Trump no siente la presión de ser específico. Dudamos que siquiera lea cuidadosamente sus documentos sobre postura, dada su evidente incapacidad para revisar los puntos temáticos de las entrevistas. ¿A quién le importan?
La genialidad de Napoleón para metamorfosearse de un insignificante oficial de artillería en emperador de Europa se debió a una intuición similar: de que en la desmoralizada Francia, abrumada por el fervor revolucionario y la reacción borbónica, solo él podía ofrecer algo parecido y a la vez, distinto de aquellas dos facciones oportunistas.
Napoleón emplearía, renuentemente, el autoritarismo, mas lo pondría al servicio del pueblo proverbial en vez de la clase aristocrática y la osificada clerecía. Acabaría con la burocracia y la corrupción de la misma manera como lanzó el “olor de metralla” a la multitud de revoltosos.
Los enemigos de Napoleón no eran solo la realeza corrupta y los saqueadores que traicionaron la Revolución, sino una pandilla de países oportunistas como Gran Bretaña, Rusia, Prusia y Austria, todos los cuales querían aprovechar el caos francés robando sus fronteras, su comercio y su preeminencia.
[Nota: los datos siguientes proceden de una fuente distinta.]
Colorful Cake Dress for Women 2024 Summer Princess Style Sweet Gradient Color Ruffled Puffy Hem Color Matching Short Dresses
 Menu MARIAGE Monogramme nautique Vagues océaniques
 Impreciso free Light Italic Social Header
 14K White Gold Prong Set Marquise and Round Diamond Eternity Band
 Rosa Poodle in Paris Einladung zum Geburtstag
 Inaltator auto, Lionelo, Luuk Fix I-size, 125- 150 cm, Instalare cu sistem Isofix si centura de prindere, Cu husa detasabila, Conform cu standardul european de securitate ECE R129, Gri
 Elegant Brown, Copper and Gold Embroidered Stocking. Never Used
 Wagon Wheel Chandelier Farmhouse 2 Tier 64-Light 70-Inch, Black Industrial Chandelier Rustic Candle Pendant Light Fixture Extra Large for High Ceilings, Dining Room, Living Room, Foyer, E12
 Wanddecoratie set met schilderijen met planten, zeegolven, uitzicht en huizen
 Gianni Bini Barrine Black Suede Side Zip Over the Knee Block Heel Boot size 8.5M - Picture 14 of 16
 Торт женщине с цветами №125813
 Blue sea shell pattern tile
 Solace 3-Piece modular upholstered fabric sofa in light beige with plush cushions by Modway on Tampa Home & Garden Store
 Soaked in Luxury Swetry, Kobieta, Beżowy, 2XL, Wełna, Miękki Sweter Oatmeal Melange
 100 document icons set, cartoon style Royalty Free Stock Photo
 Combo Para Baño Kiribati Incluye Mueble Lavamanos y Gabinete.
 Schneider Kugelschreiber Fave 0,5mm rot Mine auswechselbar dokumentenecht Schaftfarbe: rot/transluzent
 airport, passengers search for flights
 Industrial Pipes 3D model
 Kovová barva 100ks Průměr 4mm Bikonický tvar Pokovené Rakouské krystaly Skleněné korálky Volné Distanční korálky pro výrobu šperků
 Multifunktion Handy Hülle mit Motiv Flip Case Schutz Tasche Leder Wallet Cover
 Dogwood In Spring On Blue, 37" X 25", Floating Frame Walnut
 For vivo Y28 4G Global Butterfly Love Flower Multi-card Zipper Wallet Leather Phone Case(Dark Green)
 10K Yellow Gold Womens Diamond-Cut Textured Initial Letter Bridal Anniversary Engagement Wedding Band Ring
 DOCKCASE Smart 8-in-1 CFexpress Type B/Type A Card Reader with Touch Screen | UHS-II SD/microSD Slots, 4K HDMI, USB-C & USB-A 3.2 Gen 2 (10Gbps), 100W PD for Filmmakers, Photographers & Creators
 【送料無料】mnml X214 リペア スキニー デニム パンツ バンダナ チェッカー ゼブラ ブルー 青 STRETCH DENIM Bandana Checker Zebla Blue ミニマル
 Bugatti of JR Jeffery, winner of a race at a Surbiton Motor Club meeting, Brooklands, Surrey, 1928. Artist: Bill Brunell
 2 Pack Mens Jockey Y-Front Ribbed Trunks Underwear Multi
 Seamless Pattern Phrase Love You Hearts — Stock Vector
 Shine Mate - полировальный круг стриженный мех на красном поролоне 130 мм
Napoleón tampoco detalló una agenda de la manera como devolvería la grandeza a Francia, porque su espectacular éxito personal era evidenciaprima facie de que lo que había hecho para sí, podía hacer fácilmente por su país. No hacía falta definir el éxito, sino simplemente profesarlo.
Como es evidente, el oportunista Trump no es el general Napoleón y no estamos en la Francia de hace 200 años, en guerra con Europa. Con todo, atrae a un público igualmente deprimido que siente que el caos de los continuos altibajos sociales y económicos –y la anarquía- pueden aliviarse fácilmente y reemplazarse con un nuevo consenso nacional triunfante, si solo damos la dirección a un hombre dinámico montado a caballo.
Por ahora, las baladronadas de Trump, sus promesas de acción y su osadía parecen inspirar más votantes que sus salidas incoherentes. Es un imitador de Napoleón en una época igualmente napoleónica, a quien eruditos y críticos, por igual, no acaban de entender, sintiéndose intrigados por el personaje al tiempo que lo descartan como un bufón. Sin embargo, el exuberante millonario y anfitrión televisivo no tiene más probabilidades de ser el autoproclamado salvador de este país que el desconocido cabo de artillería corso que prometió devolver la “grandeza” a la Francia revolucionaria. Por desgracia, las repúblicas –antiguas y modernas- no tienen buenos antecedentes históricos invitando a forasteros para salvarse de sí mismas.